Today I went to the first of the 15-day September sumo tournament. (There are six every year - three in Tokyo and three elsewhere in the country.)
It was an absolutely amazing experience. I got to watch many matches in rapid succession, from up close and far away, and including the enormous amount Shinto ritual that is still embedded in it. Additionally, as someone who did (traditional) wrestling in middle school and high school for 5 years, I love the concept of an intense individual sport that's based on aerobic endurance and complicated moves and counter-moves.
A few quick tips for those of you who want to see sumo if you're in Japan, and then some pictures and videos:
1) Buy your tickets early. It helps to have a Japanese speaking friend help you. You can't buy them online, but you can in most convenient stores. Also, even if the store says they're sold out, they might not be, and so you should try a different chain.
2) Go early, or at least midday. The most junior matches started at 8:30 AM, and the final 15 with the best wrestlers was from 4-6 PM. I got there at 2:30 PM, before it was too crowded, and so was able to see plenty of matches.
3) Building on #2, if you go early, you can go right up and sit in the first or second row. No one asked to see my ticket or asked me to move. Sumo is amazing up close.
4) Finally, there is an English commentary option. You can rent a radio for 100 yen (~$1), with a refundable 2000 yen deposit.
Now, a word about how sumo works. The two competitors, wearing only loin-cloths are in a circle. Which ever player either touches the ground with any part of his body except the bottoms of his feet, or steps outside the circle loses. Grabbing loin-cloths is allowed, as is (it appeared) smacking with an open hand. That's the game. Each match is single elimination for that day. Most wrestlers get to compete again each day (and so the commentators would often report each wrestler's stats from the last tournament, such as 9 and 6, before each match).
Before each skill category, the wrestlers all enter in their fancy aprons. Very neat to see. The guy in the center is one of the officials. I saw a few different ones, each with a very fancy kimono.
Here's a close-up of another official .
When not competing, the wrestlers wore kimonos, the quality of which correspond to their skill category. This guy doesn't look to happy though, as he may not have done well in his match. (He spoke zero English, and so I could not ascertain whether he won or not.)

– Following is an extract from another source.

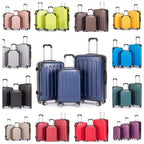 Maleta de tres piezas de equipaje de 20+24+28 pulgadas, Set de maletas familiares, maleta de cabina de 20 pulgadas, caja de almacenamiento de viaje de negocios, maleta con contraseña, maleta con ruedas universales, maleta rígida de ABS, maleta con carro d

So, this is what a wrestler looked like right before a match. I'm not sure the purpose of the funky arrow things in from of him, but each wrestler always made a big deal of spreading them out (half left and half right) before crouching to begin a match.
This is what the top over the ring looked like. Very neat.
Before each match, there was a whole series of rituals. The wrestlers would stamp (to get rid of evil spirits), and throw salt on the ring (for purification). There was also some kind of ritual involving swishing holy water, spitting it out, and then wiping ones' face with a holy towel.
Now, the moment you've all been waiting for. An actual match. Check this out:
One more match, from close up:
Just a few other pictures:
This is Bulgarian wrestler, who was very good. There are now a reasonable number of foreigners in official sumo. Most are Mongolian, Korean, or Hawaiian, but an increasing number come from Eastern Europe, like Bulgaria and Georgia.
The highest ranked wrestlers had their own entrance dance, and even more special clothes to wear.
There was lots of clean up after each match, both to rake the dirt, and spread around the copious amounts of salt that were thrown.